—No quiero pelearme con mamá, entiéndeme bien—balbuceaba Ignacio.
—Entonces yo misma se lo diré todo. Me da igual lo que pase después—respondió Lola.
La situación la tenía completamente harta y no estaba dispuesta a seguir tolerando lo que ocurría.
El problema radicaba en que Ignacio era una persona muy tranquila, y su madre, Doña Carmen, aprovechaba eso sin ningún reparo. A diferencia de él, Doña Carmen era una mujer de armas tomar.
“Con ella, si le das la mano, te agarra el brazo entero”, solían decir de personas como ella.

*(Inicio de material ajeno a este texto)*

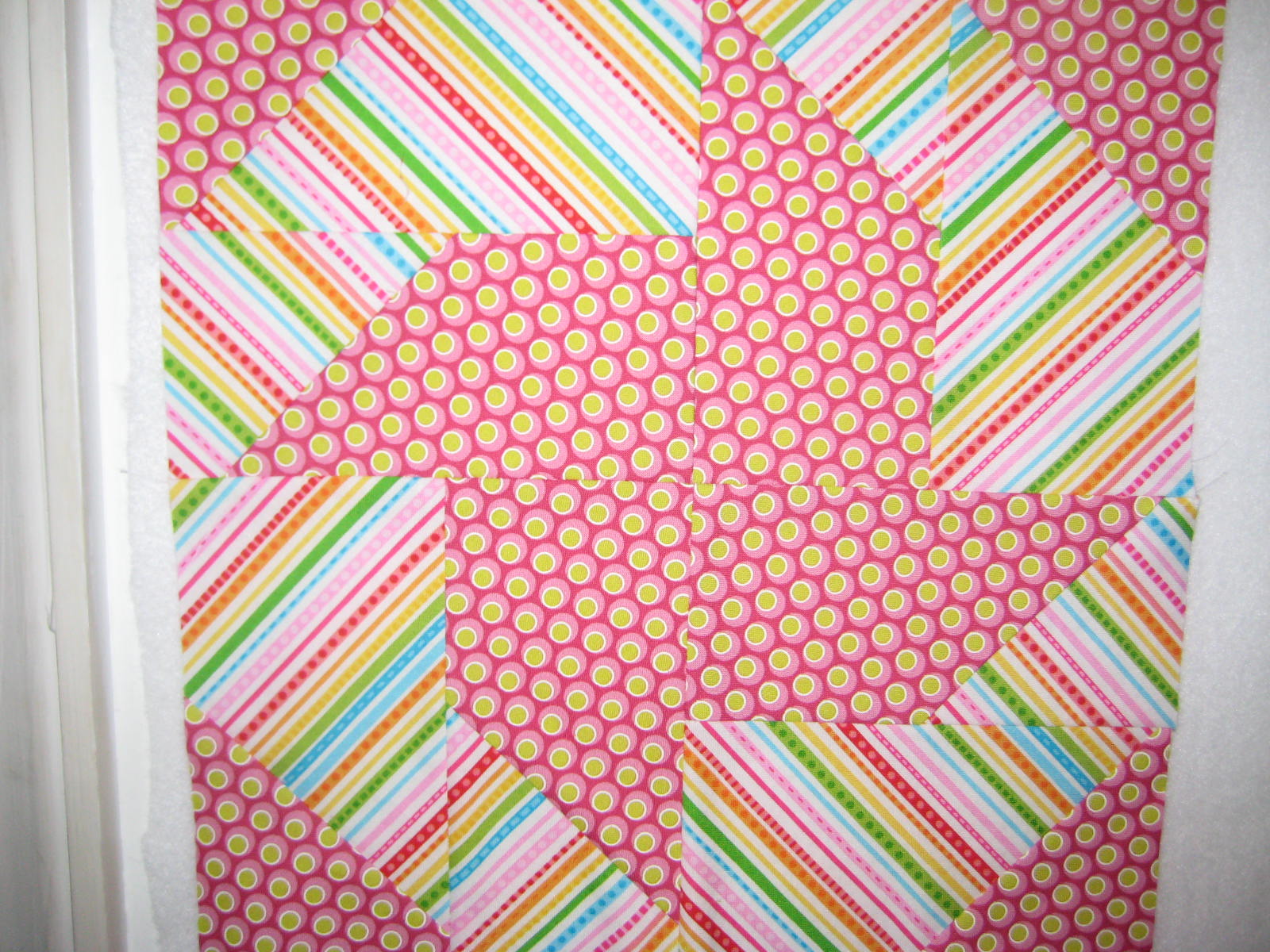 Amy's Free Motion Quilting Adventures Blasted Bobbin!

Ay, si Lola hubiera sabido todo esto mucho antes, las cosas habrían sido mucho más sencillas.
**Algún tiempo atrás**
—¿Cuánto pagan por el alquiler del piso?
—Mil euros al mes—dijo Ignacio.
—¡Pero estáis locos! ¡Eso es una fortuna! Así nunca ahorraréis para comprar uno propio—exclamó Doña Carmen.
—¿Y qué quieres que hagamos? ¿Vivir en una residencia llena de bichos y borrachos?—se quejó Lola, haciendo una mueca de disgusto.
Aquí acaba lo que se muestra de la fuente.